Auch die Melanchthon Akademie beteiligte sich im April 2022 an der 20. Flüchtlingspolitischen Tagung des Kölner Flüchtlingsrates, der Caritas und der Stadt Köln.
Einer der Großmeister des politischen Kabaretts gab den Einstieg in die Tagung.
Es sind besondere Zeiten, in denen gute Kabarettisten ernste Reden halten – wir fanden sie so gut, dass wir sie gerne als Zeitansage auf unseren Blog stellen. Wilfried Schmickler hat sie uns freundlicherweise zur freien Verfügung überlassen.
Herzlichen Dank…. Lesen Sie selbst!
Einen schönen guten Morgen, meine Damen und Herren,
ich bin hier der Überraschungs-Gast, muss allerdings gestehen, dass mich eigentlich gar nichts mehr überrascht, außer wie böse die Überraschungen heutzutage sein können.
Aber zum Glück gibt es Menschen wie Sie, die sich seit
Jahren bemühen, den zuweilen doch sehr frustrierenden Kampf gegen das Böse und für das Gute aktiv zu leben und damit diese Welt ein klein wenig besser zu machen.

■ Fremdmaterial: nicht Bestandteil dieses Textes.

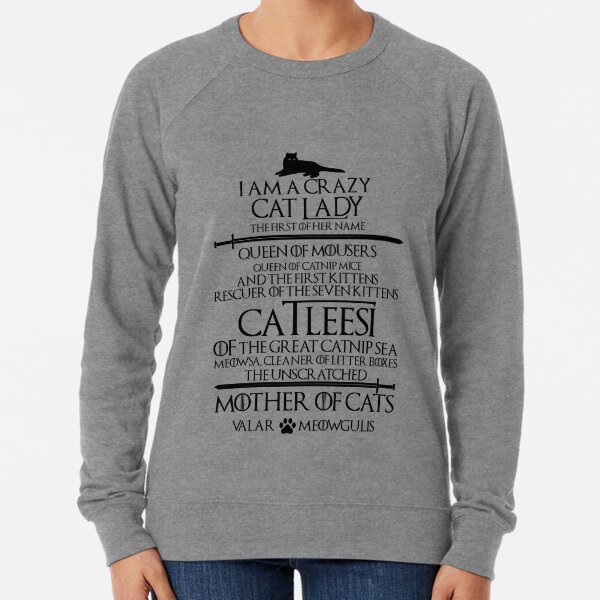 Crazy Cat Lady In Training Cool Gift Edgy Sarcastic Kitten Hoodie Sweatshirt 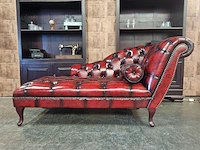 Daybed chesterfield, speciale nagels, rood - afbeelding 1 van  7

Dafür meinen ganzen Respekt und aufrichtigen Dank.
Das Motto der heutigen Tagung lautet bekanntlich „Flüchtlingsschutz im Wandel“. Und wenn zurzeit von Flüchtenden die Rede ist, dann geht es natürlich immer zuerst um die Opfer des russischen Vernichtungs-Krieges in der Ukraine.
Und damit wären wir auch schon bei einer wirklich
positiven Überraschung: Die Bereitschaft der Deutschen, Flüchtende aus der Ukraine aufzunehmen, ist wider Erwarten bemerkenswert groß.
In einer Studie des Deutschen Zentrums für Integration
und Migrationsforschung vom März dieses Jahres sprachen sich 94 Prozent der Befragten dafür aus, Schutzsuchende aus der Ukraine aufzunehmen.
Die Solidarität mit den Geflüchteten wird nicht nur
postuliert, sie wird auch ganz konkret gelebt. Die sogenannte Willkommenskultur in Deutschland erlebt eine nie gekannte Blüte. Die Hilfs- und Spendenbereitschaft ist enorm, ein Viertel der Bevölkerung wäre bereit, auch privat Geflüchtete aufzunehmen.
Hieß es bis vor kurzem noch, ein neues 2015 dürfe es
in Deutschland und Europa nie wieder geben, sind aktuell selbst Länder wie Ungarn und Polen bereit, ihre normalerweise fest verschlossenen Grenzen zu öffnen.
Das liegt in erster Linie an der EU-Richtlinie 2001-Strich 55- Strich EG, auch bekannt als „Massenzustrom-Richtlinie“.
Da geht es – Zitat – um „die Mindest-Normen für die
Gewährung vorrübergehenden Schutzes im Falle eines Massenzustromes von Vertriebenen und Maßnahmen zur Förderung einer ausgewogenen Verteilung der
Belastungen, die mit der Aufnahme dieser Personen und den Folgen dieser Aufnahme verbunden sind, auf die Mitgliedstaaten.“
Was sich erst einmal anhört wie ein weiteres bürokratisches Monster, mit dem die Europäische-Union die auf ihre Außengrenzen zuströmenden Massen abschrecken will, entpuppt sich in der Realität als wahrer Segen für die Betroffenen.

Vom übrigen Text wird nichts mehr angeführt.